Point to point comparision between Simple word embedding based models(pooling strategies) and RNN/CNNs on 17 datasets and three tasks:
- long document classification
- text sequence matching
- short text tasks (classification & matching)
- Pooling strategies:
- average pooling: Average of word embeddings for input sequence.
- max pooling on fix dimension of word embedding matrix –> most salient features
- hierarchical pooling –> abstract and keep spatial info
- average pooling in window of length \(n\) =>
- max-pooling on features from all windows
- concat features extracted from first two
- Parameters and speed: faster than CNN/RNN by a factor of \(nd\) or \(d\). (ok now seems kramdown works fine)
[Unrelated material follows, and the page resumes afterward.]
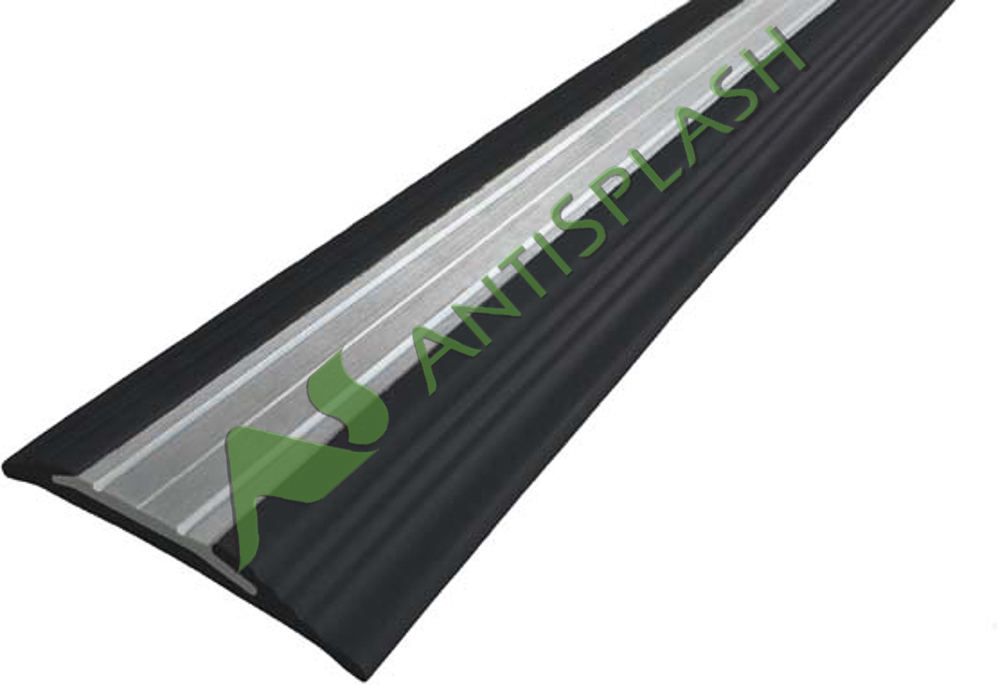 Резиновый профиль с алюминиевой вставкой «NoSlip», полоса, 2,7 м черный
- Embeddings: Use GloVe embeddings or refined embeddings with MLP
- Method: SWEM-based v.s. CNN/RNN/LSTM
- document categorization: topic categorization; sentiment analysis, ontology classification.
- sentence matching
- sequence tagging(CoNLL2000, CoNLLL2003 NER)
SWEM-based methods with poolings strategies, especially hierarchical pooling, has comparable/better performance and is more computationally efficient. Not as good on classifying short sentences.
Discussion on word-order features
The paper has an interesting discussion on the importance of word-order features, and perform an experiment by shuffling words in training, and keeping word order in test set => LSTM has comparable accuracies on Yahoo and SNLI to unshuffeled training data!
Sentiment analysis is more sensitive to word-order features than other tasks.